▶ **Task to carry out**
Among the lines of the listing below, retype exactly those from the one containing "Продаж затишного будинку" through the one containing "2 Piece Resin Miniature Couple Figurines", both included. Do not include pictures.

▶ **Record extracts**
------------------------------------------------
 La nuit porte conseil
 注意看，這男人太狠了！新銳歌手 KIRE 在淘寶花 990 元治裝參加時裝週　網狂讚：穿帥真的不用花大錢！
------------------------------------------------
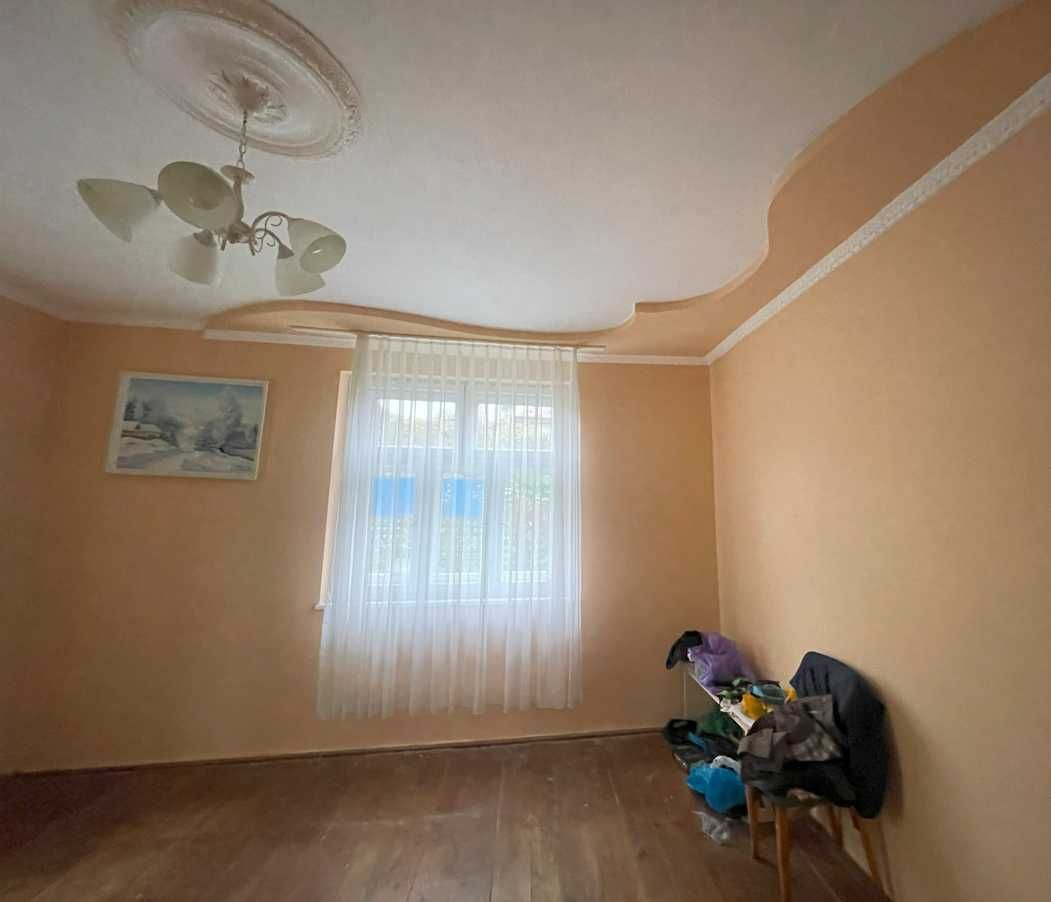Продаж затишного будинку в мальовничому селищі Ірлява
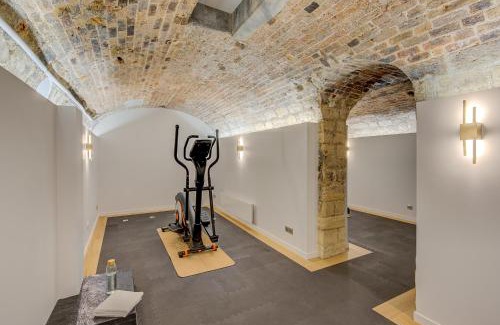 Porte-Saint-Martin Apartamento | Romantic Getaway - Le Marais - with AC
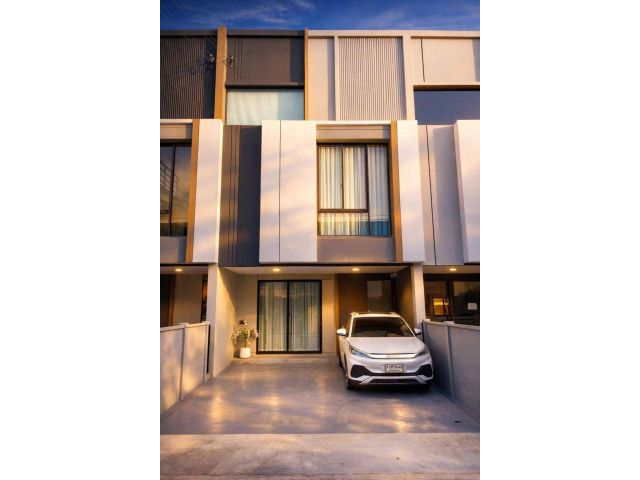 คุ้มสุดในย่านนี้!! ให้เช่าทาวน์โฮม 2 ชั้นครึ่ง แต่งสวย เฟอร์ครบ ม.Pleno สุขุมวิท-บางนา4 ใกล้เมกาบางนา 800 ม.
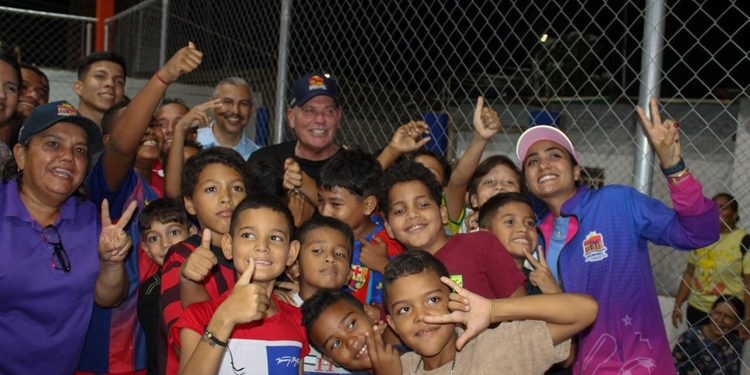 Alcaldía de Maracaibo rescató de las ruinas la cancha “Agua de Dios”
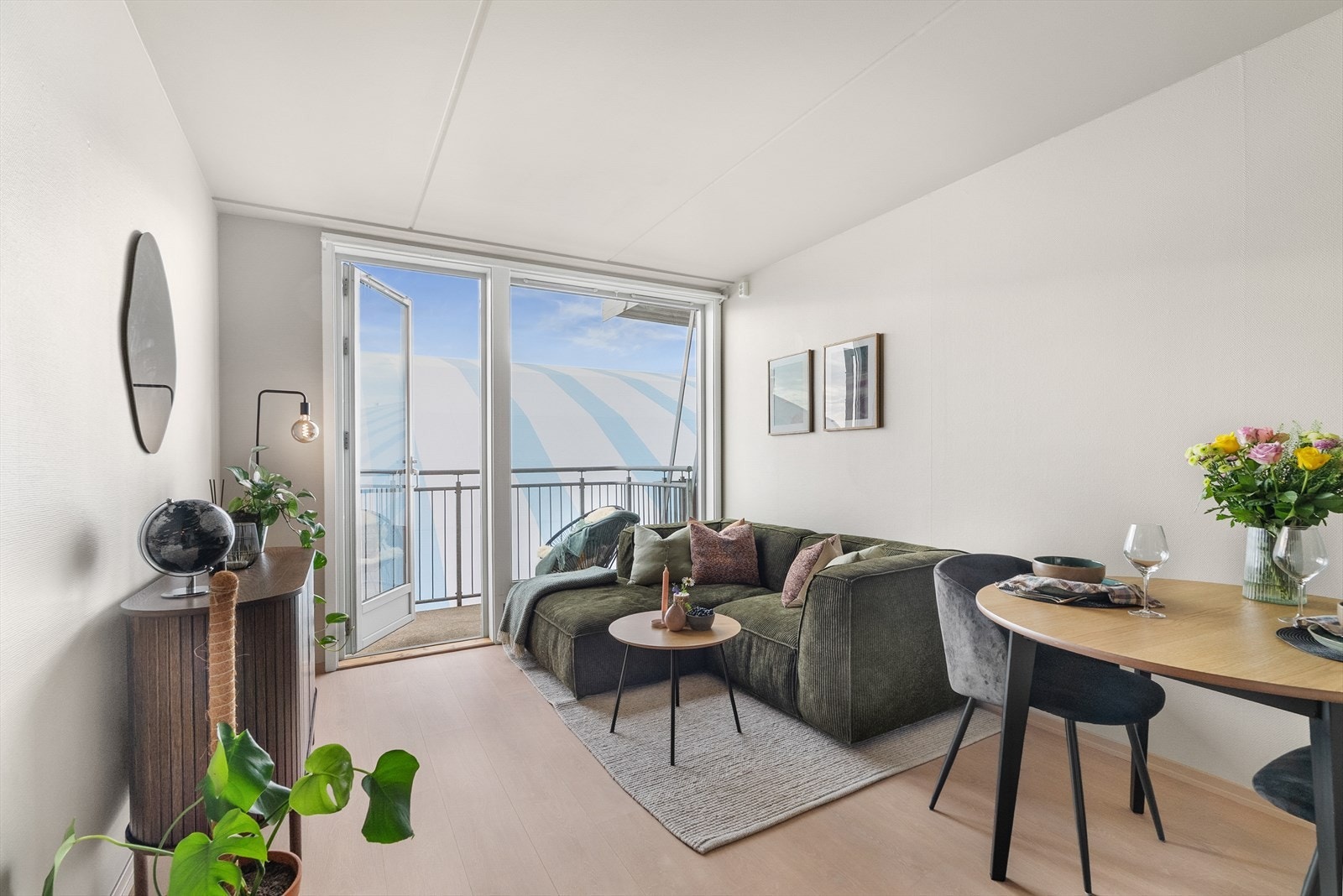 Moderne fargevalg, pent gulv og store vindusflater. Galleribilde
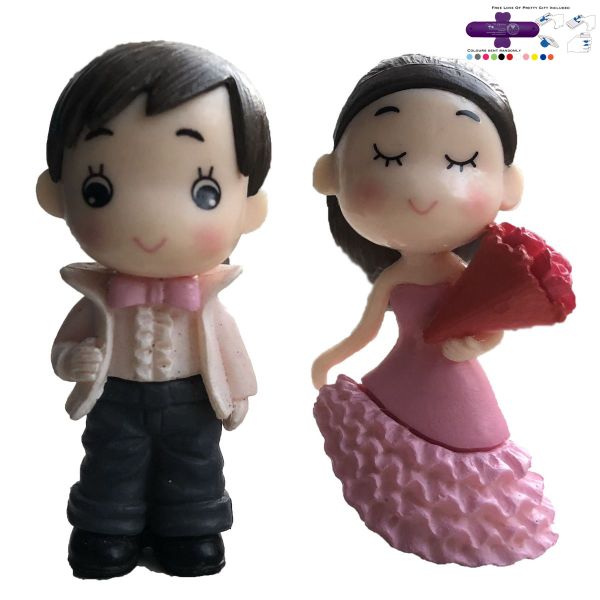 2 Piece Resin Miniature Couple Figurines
------------------------------------------------
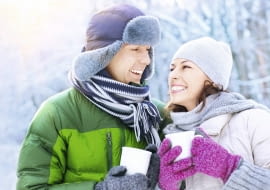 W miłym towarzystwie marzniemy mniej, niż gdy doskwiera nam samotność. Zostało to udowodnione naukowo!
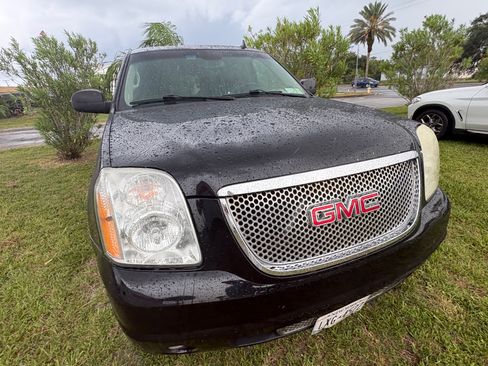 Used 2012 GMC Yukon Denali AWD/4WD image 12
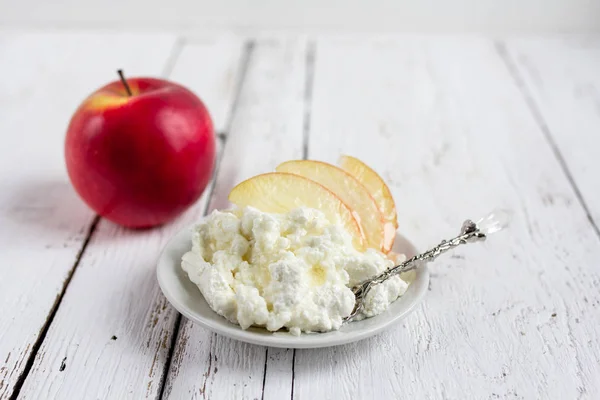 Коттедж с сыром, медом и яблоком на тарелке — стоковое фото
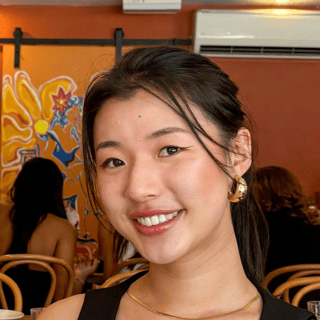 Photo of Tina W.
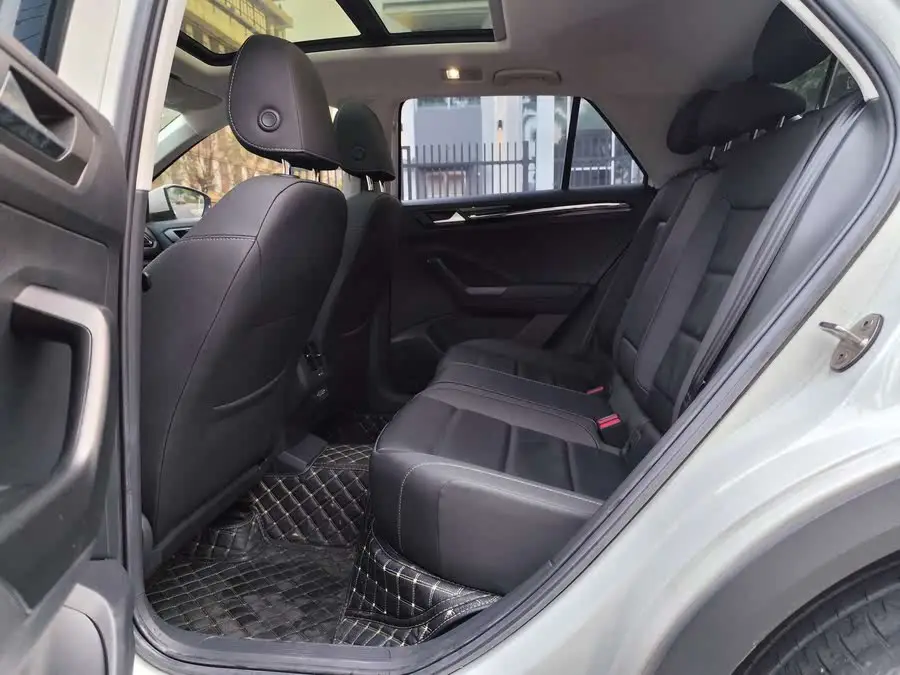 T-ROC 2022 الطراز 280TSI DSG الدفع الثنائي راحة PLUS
------------------------------------------------
▶ **The answer**
Продаж затишного будинку в мальовничому селищі Ірлява
 Porte-Saint-Martin Apartamento | Romantic Getaway - Le Marais - with AC
 คุ้มสุดในย่านนี้!! ให้เช่าทาวน์โฮม 2 ชั้นครึ่ง แต่งสวย เฟอร์ครบ ม.Pleno สุขุมวิท-บางนา4 ใกล้เมกาบางนา 800 ม.
 Alcaldía de Maracaibo rescató de las ruinas la cancha “Agua de Dios”
 Moderne fargevalg, pent gulv og store vindusflater. Galleribilde
 2 Piece Resin Miniature Couple Figurines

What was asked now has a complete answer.